La semaine dernière a donné la preuve supplémentaire de l’extrême sensibilité de cette question des frontières comme l’atteste l’incident survenu au-dessus de la mer noire entre un drone américain, le Reaper MQ-9, et un chasseur russe, le Sukhoï-27. Avec ces appellations fort techniques, on plonge dans la haute technologie militaro-stratégique dont la maîtrise appartient aux initiés mais l’intérêt du sujet va au-delà de la seule logique de confrontation qui se déroule sous nos yeux.

L'incident du drone a, en effet, relevé d'un cran la tension déjà vive entre les États-Unis d'Amérique et la Fédération de Russie, deux superpuissances en état de belligérance plus ou moins ouverte depuis le déclenchement par Moscou de son « opération militaire spéciale » en Ukraine, le 24 février 2022. Conscients tous les deux des limites qu'il serait dangereux de franchir dans cette lutte d’influence sans répit, la Maison-Blanche et le Kremlin se sont parlé par le biais de leurs plus hauts gradés au lendemain de l’accrochage.

Le 15 mars, le ministre américain de la Défense, Lloyd Austin, et son homologue russe, Sergueï Choïgu, ont échangé sur le grave incident. Pour se répéter mutuellement que de tels développements sont de nature à mettre le feu aux poudres et ne devraient plus se reproduire malgré la volatilité de la situation en Ukraine. Tiendront-ils parole ? Le conflit à l’Est du Vieux continent se poursuivant, la volonté des belligérants de puiser jusque dans leurs dernières réserves morales pour gagner la guerre aidant, le monde n’est pas à l’abri d’autres incidents de ce type.

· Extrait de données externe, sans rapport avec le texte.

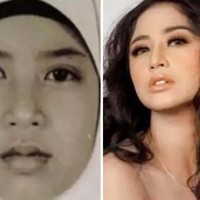 Kalau yang satu ini pas foto milik Dewi Perssik. Penampilan Dewi Perssik dulu saat mengenakan hijab tampak manglingi. Kalau kamu lebih suka penampilannya dulu atau saat ini? Foto: dok. Instagram/@dewiperssikreal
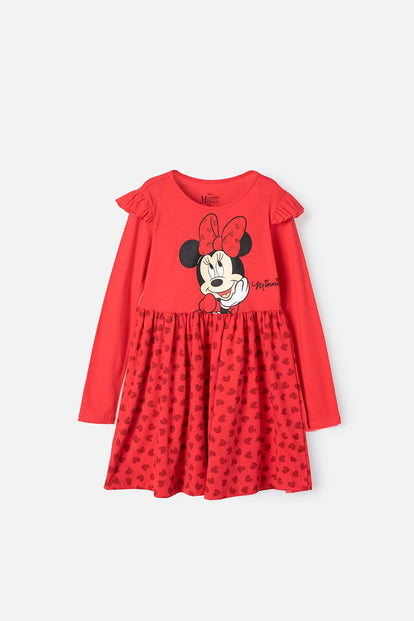VESTIDO DE MINNIE MOUSE MANGA LARGA ROJO PARA NIÑA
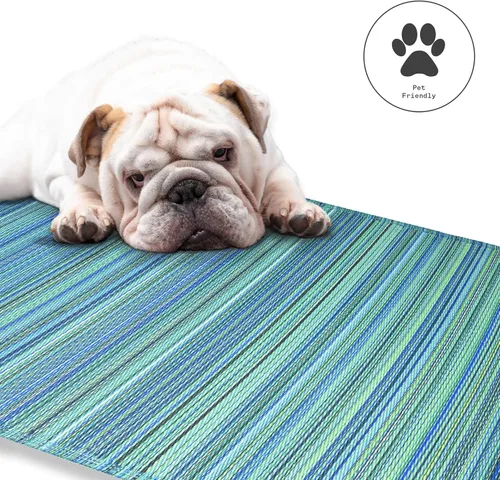 Vista 140 de Fab Habitat Alfombra Rayada para Exteriores - Impermeable, Resistente a la Decoloración, Sin Arrugas, Reversible - Plástico Reciclado Premium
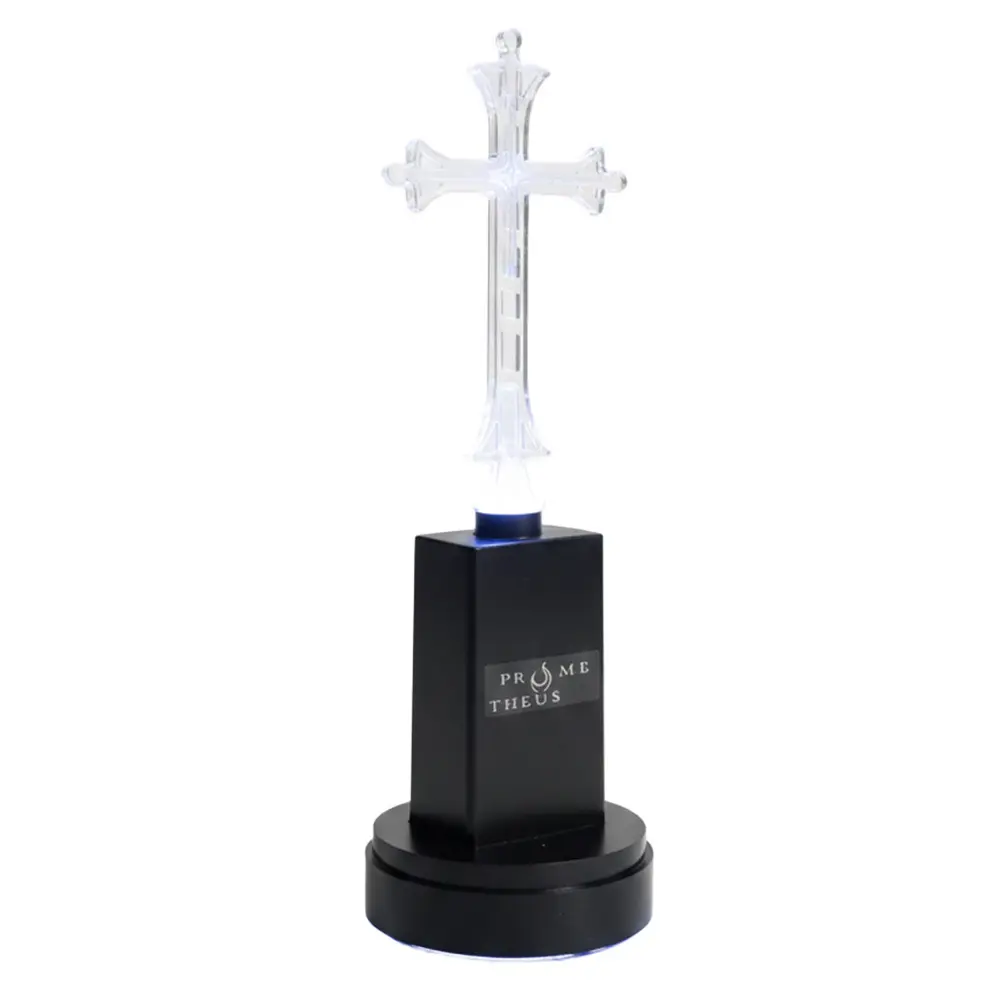 Zdjęcie produktu Znicz wkład led krzyż czarny świeca na baterie zestaw 17,5 cm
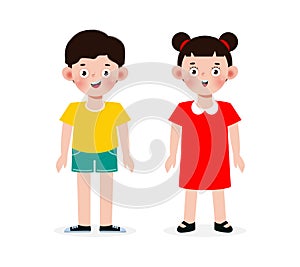Set of Asian children Standing isolated on white backgroun, happy kids Vector Illustration flat styles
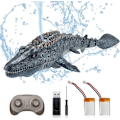 Miniatyrbillede 1 af 5: OBEST 2.4GHz Fjernstyret Mosasaurus Både til Børn, RC Haj Både Vand Spray Pool og Sø Legetøj, RC Elektrisk Haj Dinosaur, 2 Batterier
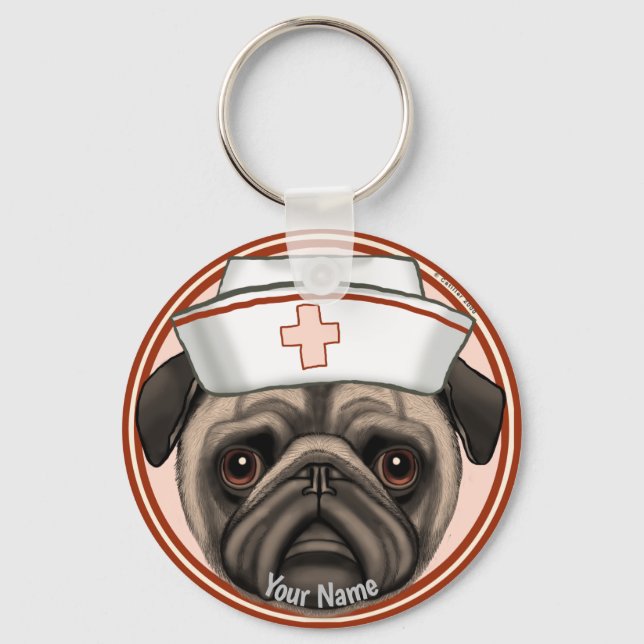 Pug Nurse  Key Ring (Front)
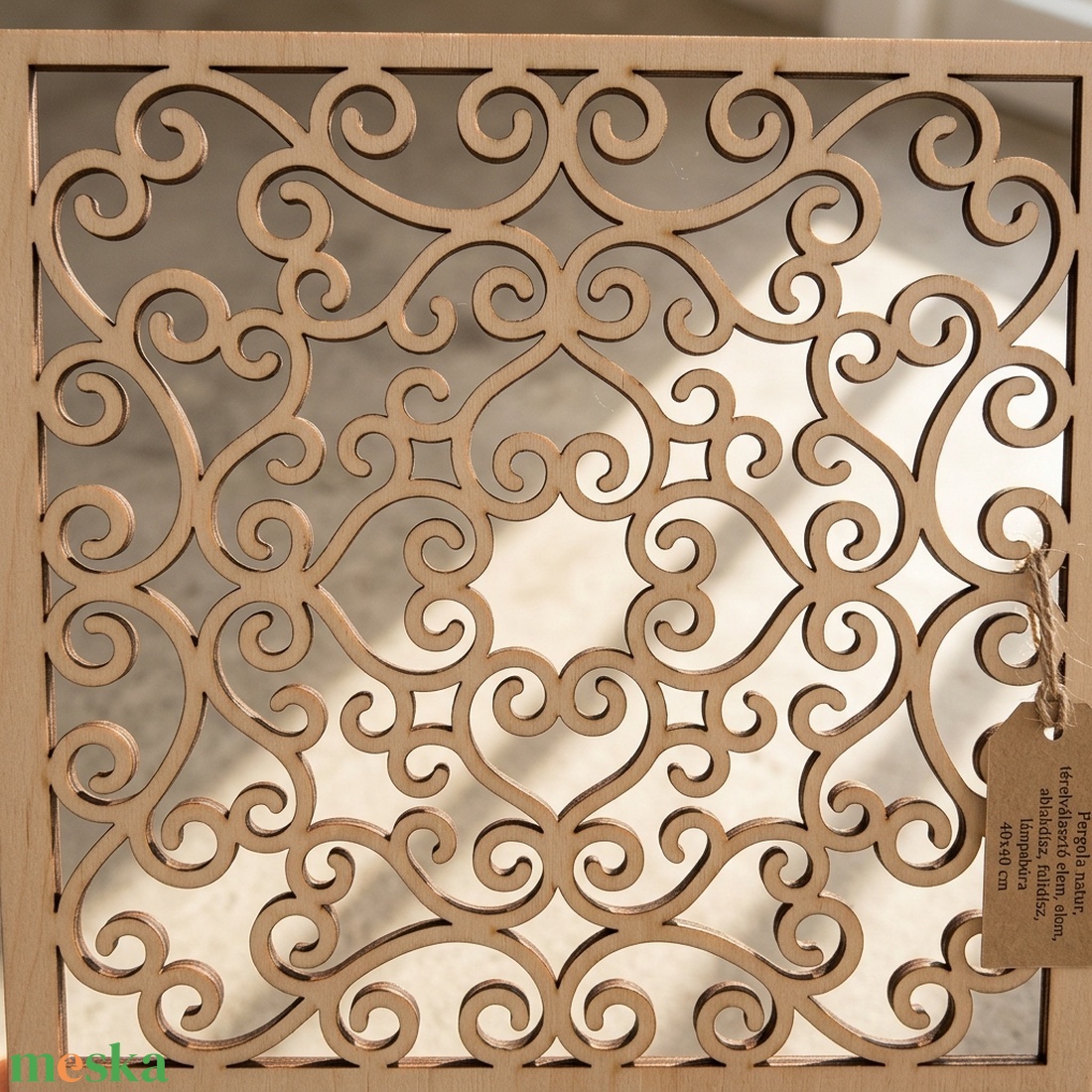 Pergola natur, térelválasztó elem, ablakdísz, falidísz, lámpabúra 40x40 cm - otthon & életmód - dekoráció - ajtó- és ablak dekoráció - ablakdísz - Meska.hu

Il est vrai que l’épisode dont on parle n’est pas totalement réglé. Et le désir des services russes de repêcher l’épave du drone abimé en mer laisse penser que les soupçons d’espionnage dont ils accusent leurs collègues américains restent d’actualité. Devenu une arme à tout faire dans les conflits hybrides du monde d’aujourd’hui, le drone est un outil chargé de lourds secrets à tel point que même plongé au fond des océans, l’on a besoin que sa carcasse parle. D’autant plus que les deux « Grands » ont un autre contentieux lié au sabotage, en septembre dernier par « on ne sait qui », des gazoducs Nord-Stream 1 et 2 en lien avec le bruit des canons en Ukraine.

Une fois de plus, et c’est ce qui paraît raisonnable dans la lecture du champ de bataille ukrainien, Russes et Américains détiennent peut-être la clé de la fin du conflit. D’un côté comme de l’autre, ils sont les seuls dont l’influence sur le déroulement des hostilités demeure la plus crédible. Après une année d’un conflit aussi destructeur, on ne peut pas dire que les parties impliquées n’ont pas envie qu’il s’arrête et que l’on pense au retour à une vie plus ou moins normale dans laquelle chacun, en pansant ses plaies, envisagerait l’avenir autrement.

Même si officiellement l’aveu de l’épuisement réciproque ne vient de nulle part, officieusement que ce soit Moscou, Kiev ou ses alliés occidentaux, ce conflit n’a que trop duré. Il est temps d’encourager les initiatives de paix pour qu’un nouvel incident plus dangereux ne vienne à le faire se déplacer de ses frontières actuelles.